BROOKS: Yeah, I think that's legitimate.
BLOCK: You do?
BROOKS: You know, I do think that they gave a lot on tax increases and got zippo in response. And so I do think the next time around, we should do something that's much more on the spending side. The president has done a little spending, what they call chain CPI in Social Security, to me not enough, and they're still relying too much on tax increases by closing loopholes, which would undermine tax reform in the long run.
So I do think the Republicans have a point on that. But they're just in a pretty weak position right now.
DIONNE: I don't think they have a point at all. I mean, that was 642 billion in revenues. We've already done well over 2 trillion in cuts. Obama agreed to a lot of cuts in 2011, and he's not asking nearly as much in tax increases as either Simpson-Bowles did or he once did. He'd settle for 400 or $500 billion in additional taxes.
You'd still have an enormous ratio in favor of cuts over tax increases if you agreed to Obama's deal. And so, I think there's something very disingenuous to say, well, we'll pass this one - taxes one time only. Boehner himself said he'd be for more tax increases than he's voted for.
BLOCK: I want to move on to another topic. This week, we saw Florida's Republican Governor Rick Scott reversing himself. He's joining a number of other Republican governors and decided that they will expand their state's Medicaid program under the health care law. Let's take a listen.
GOVERNOR RICK SCOTT: But regardless what I believe or anyone else, a Supreme Court decision and the election last November made the president's health care mandates the law of the land.
BLOCK: And it's interesting, David, because Rick Scott in 2010 campaigned ardently against Obamacare, he called it a job-killer. Now he calls this Medicaid expansion common sense. Do you think he and other Republicans will pay the price from their base?
BROOKS: No, and I say that because basically the federal government is giving Florida the equivalent of $1.9 billion to expand Medicare and Medicaid - excuse me, just Medicaid. And so that's a lot of money for their constituents. You pay me $1.9 billion, I'm going to sound like E.J. if you want me to.
BROOKS: So it's a good offer, and if you're a governor...
DIONNE: I'm going to try to come up with the money.
BLOCK: We're going to see if we can work that into the ALL THINGS CONSIDERED budget.
BROOKS: Through NPR fundraising. So, you know, basically he's in political trouble, and he's going to get some money to put a lot more people - get a lot more people health insurance. And if anybody, right or left, objects to getting free health care from the government and has turned that into a voting issue, I've never met that person. Even conservatives seem to like getting these benefits.

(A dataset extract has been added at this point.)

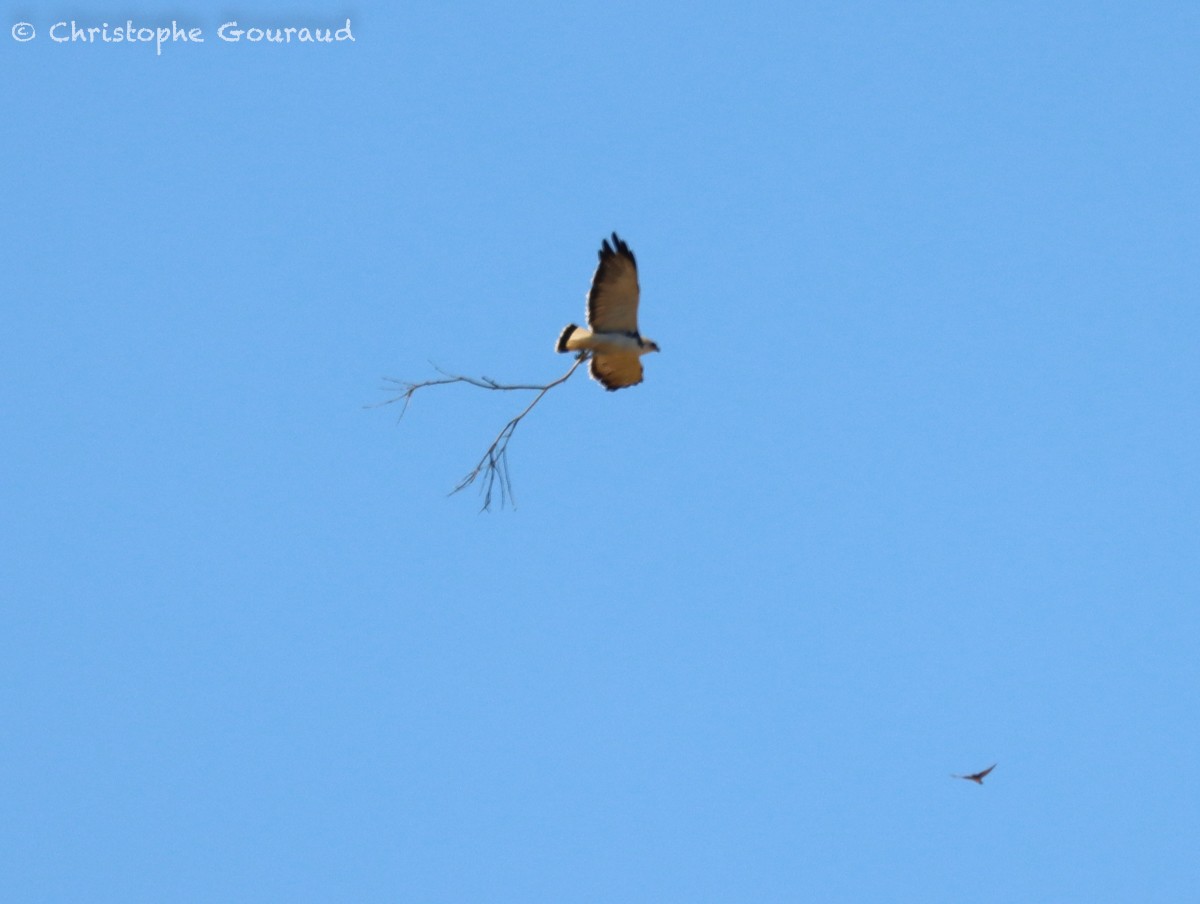 Variable Hawk (Red-backed) - ML627021037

DIONNE: I think that it's - you've got seven Republican governors now, including governors of three big states - Scott in Florida, Snyder in Michigan, Kasich in Ohio - who are all taking this money. They're taking the money because it was set up in a way to make it exceedingly attractive.
They're also taking the money because hospitals all over their state, whether they're run by Republicans or Democrats, know that they're going to lose some money in uncompensated care. The deal was it would be made up for by this Medicaid coverage so poor people could get insurance.

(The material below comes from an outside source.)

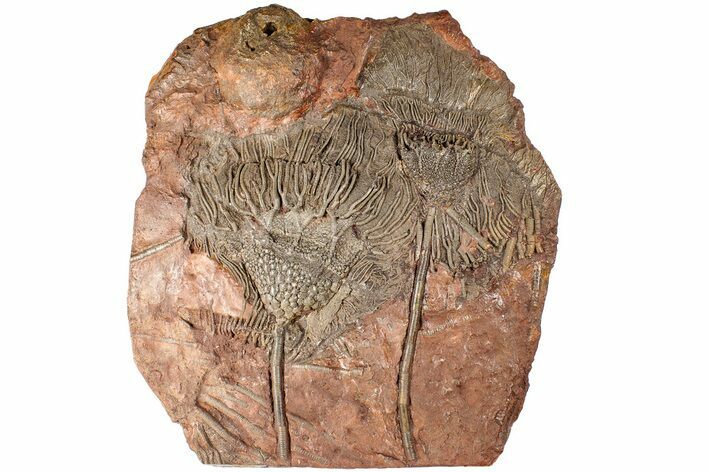 Silurian Fossil Crinoid (Scyphocrinites) Plate - Morocco #189911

But it does tell us again this is not 2010 anymore and that Rick Scott, who is in some political trouble, doesn't expect 2014 to be like 2010.
BLOCK: And very briefly, E.J., do you see these Republicans facing a backlash from people who are very ardently opposed to Obamacare?
DIONNE: Well, given the nature of the Republican primary electorate, you could imagine somebody running in a primary against him on this. But in the end, I think they would - I don't know about Scott, but I think Kasich would hang on in a primary in such a case. And I don't think the backlash against Obama's health law is as great as it was in - four years ago.
BLOCK: OK, thanks to you both, have a great weekend.
DIONNE: Great to be with you.
BROOKS: Thank you.
BLOCK: That's E.J. Dionne of the Washington and Brookings Institution and David Brooks of the New York Times.